Review of "The Meg" by The Headless Critic
Watching Movies – Without Your Head
The Meg – 2018
Production by: Gravity Pictures, Apelles Entertainment, Flagship Entertainment Group, Di Bonaventure Pictures, Maeday Productions
Distribution by: Warner Brothers
Expert diver Captain Jonas Taylor (Jason Statham) has gotten a reputation as one of only three people who’ve attempted oceanic rescue missions below 11,000 feet. An easy reputation to obtain when you’re the only rescuer who’s survived. An exploration vessel to the newly discovered deepest part of the ocean just got attacked by something very large, something Captain Jonas Taylor has survived before. Former Captain Taylor is asked to come out of retirement and bring home the trapped crew in the world’s deepest underwater rescue mission ever. When new depths are reached in the oceans floors, a 75 foot Megalodon follows them home. What will the world do when,
“The most feared predator in history...is no longer history.”
“She's the biggest thing you never saw coming.” “Opening wide”
So Warner Brothers takes a script that would normally be reserved for a Syfy channel original, gives it an excess of budget, proper CGI and a wide theatrical release. Let’s see what happens… The Meg is simple, blunt and exciting without the excess of blood, boobs and bad acting you’d except from such a concept. A Megalodon is unleashed in modern day waters and it’s up to action star Jason Statham to stop it. Hell yeah! Surprisingly the Megalodon isn’t as big as I thought it would be from the trailer and posters going in. I personally enjoyed this as both King Kong and American made Godzilla movies have proven recently, you can get too big with your monsters. The CGI is nearly flawless, a nice change to the giant animals of Syfy originals. This one boils down to whether you’re a giant killer animal genre fan. Syfy originals keep getting made for a reason, they have a fanbase. I don’t generally like them but when it’s done right I enjoy giant killer animal movies as much as the next person and I did like this.

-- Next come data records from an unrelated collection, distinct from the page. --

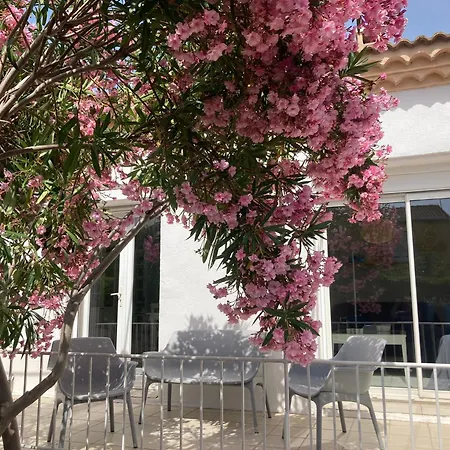 Belle Spacieuse Avec Piscine Privee, Semi Climatisee- 10 Couchages, Wifi, Proche Canal Du Midi Et A 4 Km De La Lxpin7 Villa *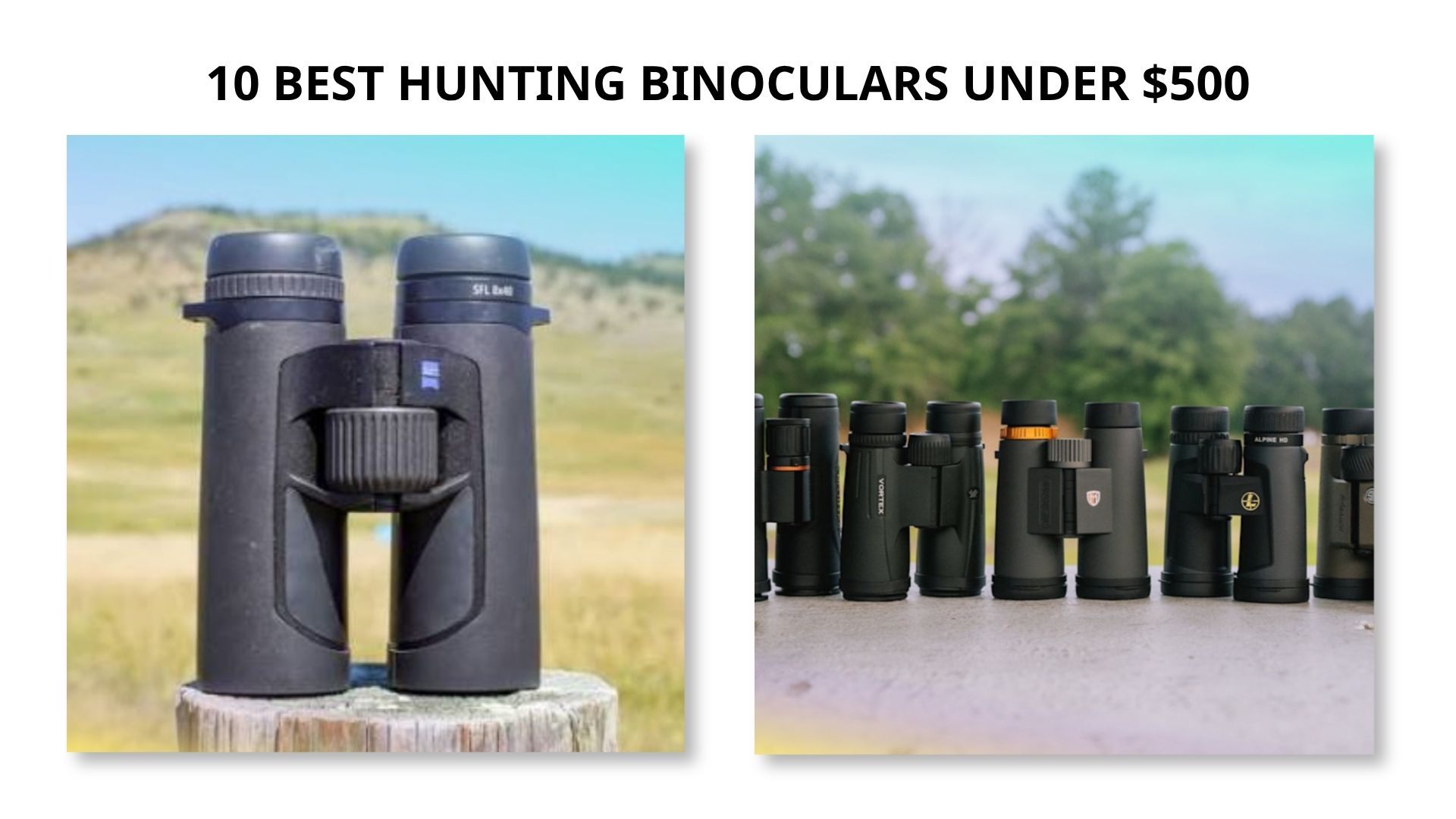 Best Hunting Binoculars Under $500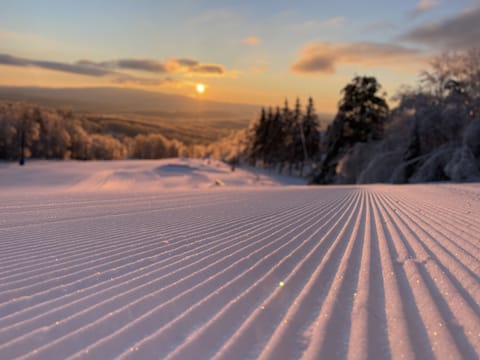 Experience this beauty at our place,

The first third of the film contains a couple of rescue missions that are a straight up throwback formula we’ve seen a thousand times before. We open with a questionable heroic act. Years later a team is formed and a group of them are put in imminent terror. It’s up to our hero from before to come back and save the day once again. He’s met with resistance, both human and other, but in the end his badassdom prevails. We’ve seen it a thousand times but there’s a reason for that, it’s comfortable and it works. From there the battle of Man versus Meg is on.
Jason Statham suits up slightly more than he strips down. Saving beauties from certain imminent underwater death is a regular occurrence for Statham in this one but what else would you expect? At the call of one heroic adventure he walks away from the camera removing his shirt in a Superman fashion as he gets ready to put on his underwater “superhero” costume once more. I blasted Wonder Woman for a similar action as she walks onto the battlefield flipping her hair, but that was an actual superhero movie that had a lot of potential, this is a modern day Megalodon monster movie.

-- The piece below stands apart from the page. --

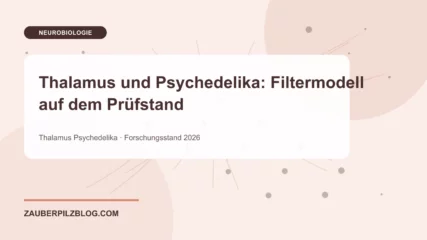 Thalamus und Psychedelika: Filtermodell auf dem Prüfstand – wissenschaftliche Übersicht mit Schlüsselbegriffen und Forschungsstand 2026
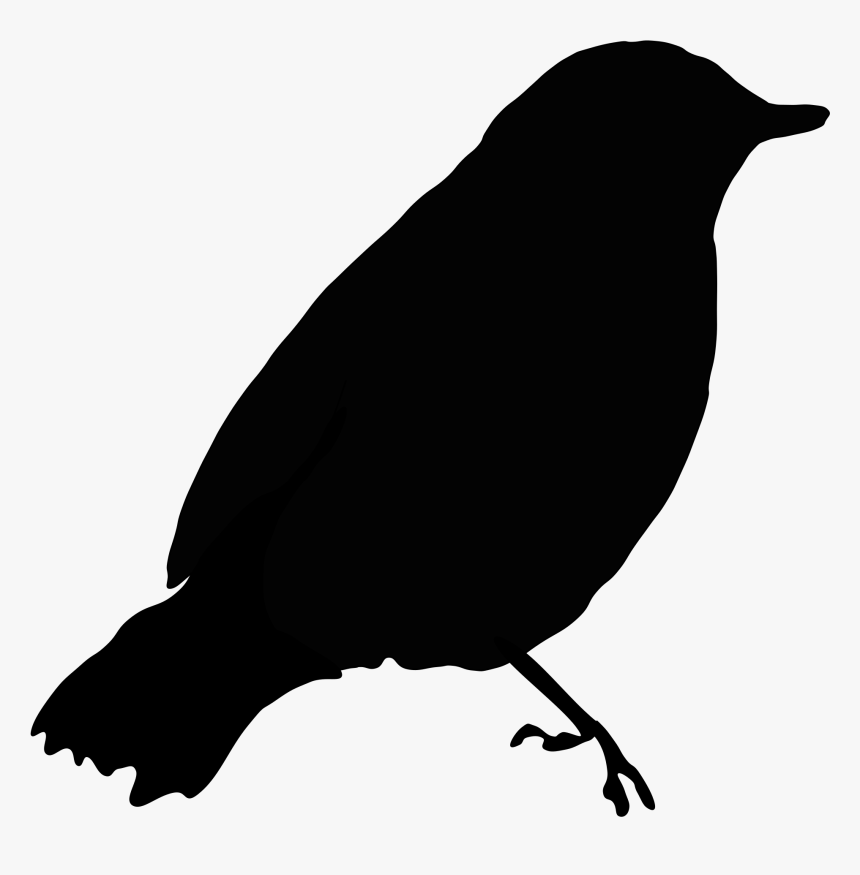 Download Bird Silhouette Svg Free - 326+ SVG Images File for Cricut, Silhouette and Other Machine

Statham isn’t the only character, in a diverse cast of crew. Whether you’re a Statham fan or not, the cast is excellent. A slew of familiar faces get characters with just enough screen time they’re barely able to define themselves and make you care about them enough to not want to see them die. Even though you know most of them are going to eaten. The brilliance of casting should be commented on as most of the faces will be familiar to audiences from television roles which helps the viewer have a natural kinship to those they recognize but may have a limited amount of screen time. A perfect example of this is Masi Oka who not only has a natural likability about him but is also familiar with a large portion of the audience as Hiro from the tv show Heroes. Particular kudo’s goes out to Ólafur Darri Ólafsson. The hulking man stands out with more character and a natural likability than the rest of the more familiar cast around him. I’m deeming him now the next gentle giant of Hollywood who should get some much needed exposer with his upcoming casting as Skender in the next Fantastic Beasts movie due for release later this year.

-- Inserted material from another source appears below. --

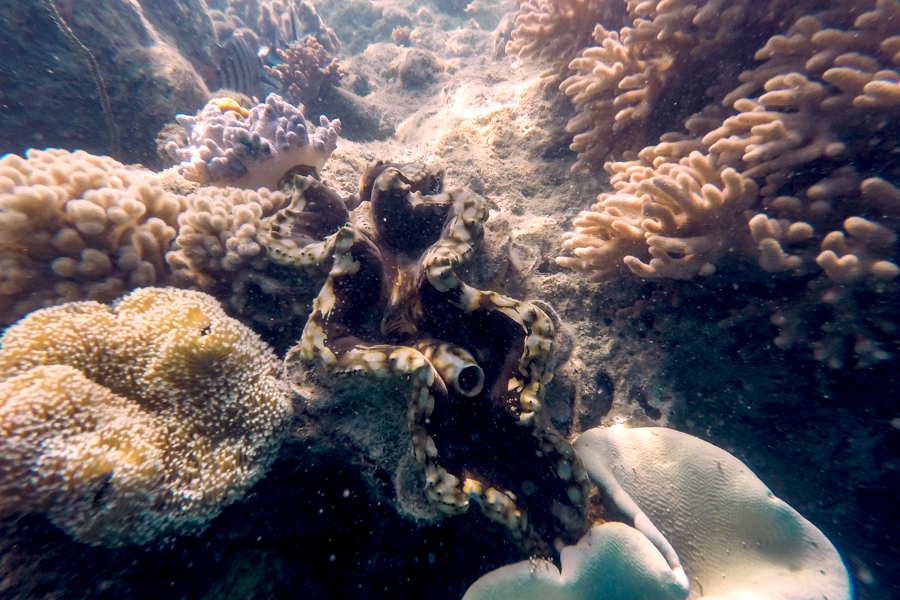 CLam, Giant Clam, Sailing whitsundays, East Coast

Of course there are a few scoff worthy moments in a world of Megalodons. I could have completely done without the whole underwater ships battling The Meg. Reminds me to TIE Fighters taking on bigger monstrous ships out of Star Wars. Not something I want to see in my realistic other than the prehistoric animal that’s still alive and eating you movie. There’s more self-sacrifice in this film than there would be in real life but I personally feel it’s a nice change to a Hollywood that usually focuses on the bad side of human beings instead of the good. Every Hollywood movie has to have a love story, even if it's a side one. It’s corny as can be but Shuya Sophia Cai is absolutely adorable and gets away with some cute laughs making fun of Crazy (Jason Statham) and his budding romance.
The Meg isn’t going to win any Oscars but if you know what movie you’re walking into when you go, they did it well. The run time is a little long. At times it felt like the filmmakers thought they were making the next Abyss and not a giant summer shark movie. That actually probably helped the films quality overall. If you just go with the concept and allow yourself to have some fun, it’ll be an enjoyable movie. I mean it’s a Megalodon movie folks, what do you expect? I want to thank you all for reading my review, I’m “Pleased to eat you.”